EPA Resumes Testing Under the Endocrine Disruptor Screening Program

EPA's call for testing expected to reach beyond 30 identified chemicals

The Environmental Protection Agency (EPA) is on the cusp of issuing data call-ins (DCIs) to screen 30 pesticide active ingredients for endocrine-disrupting properties under the Endocrine Disruptor Screening Program (EDSP). The full list of highest-priority chemicals for EPA EDSP data call-ins can be downloaded at Regulations.gov. 

These DCIs are expected to be issued this summer or shortly thereafter and will be the second round of EDSP-related DCIs issued by EPA. Before this, EPA released its first round of DCIs for EDSP Tier 1 screening in 2009, when test orders were issued for the first list of chemicals identified based on exposure potential.

Potential impact for pesticide registrants and other stakeholders

The EDSP was developed to fulfill requirements of the 1996 Food Quality Protection Act (FQPA) to assess how pesticides and other chemicals may affect the estrogen, androgen, and thyroid hormonal pathways. Testing under EDSP involves a two-tiered approach: 

• Tier 1 screening uses a battery of in vitro and in vivo assays to identify substances with the potential to interact with endocrine pathways. 
• Tier 2 testing involves definitive in vivo studies intended to identify any adverse endocrine-related effects and to establish dose-response relationships for those outcomes. 

The 30 chemicals to be screened are pesticide active ingredients for which an updated (post-1998) two-generation reproductive toxicity (OPPTS 870.3800) study or extended one-generation reproductive toxicity (EOGRT; OECD 443) study are not available and for which ToxCast Pathway Model scores for the estrogen or androgen receptor show activity (i.e., model AUC scores ≥ 0.1).  

Pending evaluation of available thyroid data, additional DCIs could be issued for additional chemicals with an updated two-generation reproduction study and sufficient ToxCast Pathway Model data (≤82 chemicals). However, EPA has not stated what thyroid data would be considered sufficient to satisfy an endocrine evaluation or if an evaluation for the comparative thyroid assays would be required.

Future DCIs are also expected to be issued for another 126 pesticide active ingredients that have neither updated reproductive studies nor ToxCast Pathway Model data, although the endocrine disrupting potential for some of these chemicals may be addressed during the registration review process instead. For new chemicals, endocrine data requirements will be addressed during the registration process. 

Testing Challenges

If EDSP Tier 1 screening is triggered, EPA is likely to request assays, including: 

• In vitro steroidogenesis and aromatase assays 
• Hershberger assay in male rats 
• Male and female rat pubertal assays 

Performing these assays poses some challenges. Because the pubertal assays have not been conducted regularly since the last round of EDSP Tier 1 screening, contemporaneous historical control data are not available, which will affect interpretation. Additionally, there will be challenges with lab capacity for some of these assays. This will likely be compounded by growing European ED testing obligations precipitated by an update to the EU REACH regulatory requirements. 

Other possible data for addressing potential endocrine disruption

In lieu of Tier 1 assays, EPA is expected to alternatively allow registrants to submit an updated two-generation reproductive or EOGRT study, which will generally provide conclusive data for potential estrogen and androgen effects. 

In addition, other scientifically relevant information (OSRI) may be accepted by EPA to fulfil EDSP Tier 1 screening requirements.

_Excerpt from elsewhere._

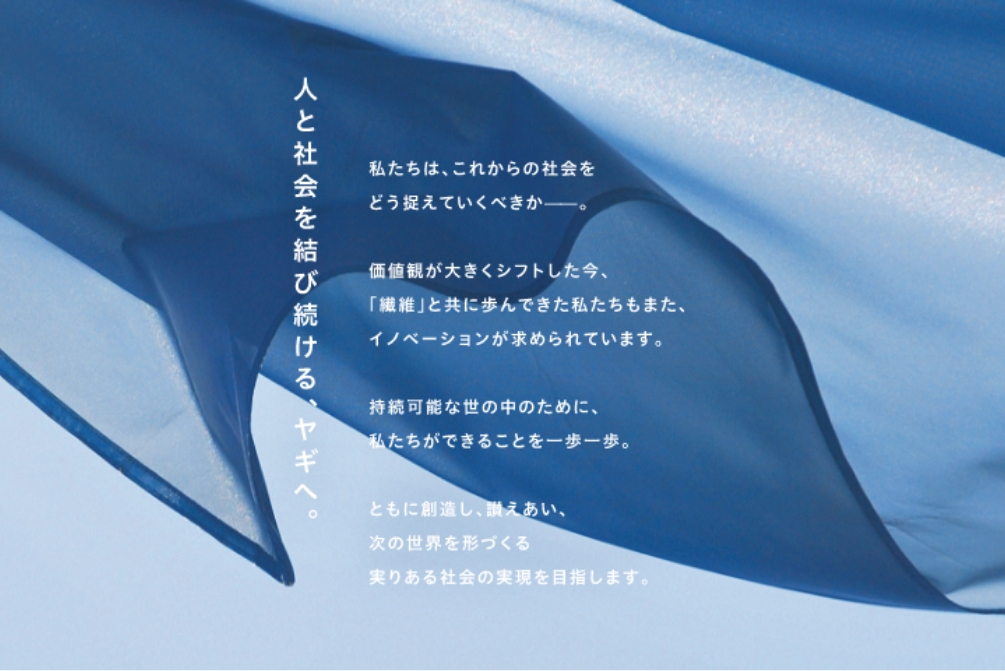 Company Policy・Management Philosophy・VISION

This is contrary to 2009, when registrants were encouraged to submit OSRI to fulfil EDSP Tier 1 screening requirements, but EPA was nonetheless restrictive in their acceptance of these data for the initial list of 52 chemicals identified for Tier 1 screening. This time around, EPA will more likely consider existing data, when possible, to make endocrine decisions. 

It is also possible that risk-based approaches for determining the need for endocrine data may be acceptable as a similar approach was previously taken in assessing the need for comparative thyroid assays. Alternatively, data on estrus cyclicity/sperm parameters, pubertal development, and reproductive organ weights/histopathology available from other studies may be sufficient to fulfil EDSP requirements.

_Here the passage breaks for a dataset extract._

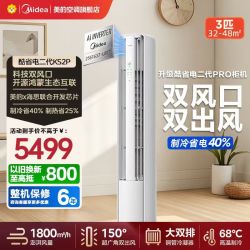 美的 空调KFR-72LW/KS2P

Next steps for stakeholders

Seek out EDSP strategic guidance to determine best approaches for addressing forthcoming DCIs, including: 

• Whether existing data may be sufficient to fulfill testing requirements or whether an endocrine-related effect is likely to be a driving endpoint for chemical risk assessment
• Whether the development of new data would be beneficial, including risk-based assessments to determine whether the requested data will impact EPA's overall risk evaluations

OSRI development: Prepare and submit OSRI, including the evaluation of whether existing data are likely to trigger or satisfy EDSP testing requirements and the potential impact of new data on the risk evaluation.

EDSP study: In addition to EDSP Tier 1 assay placement and monitoring, develop weight-of-evidence evaluations of EDSP and OSRI to assess a chemical's potential to interact with the estrogen, androgen, thyroid, and steroidogenesis (EATS) hormonal systems based on data derived from EDSP screening studies.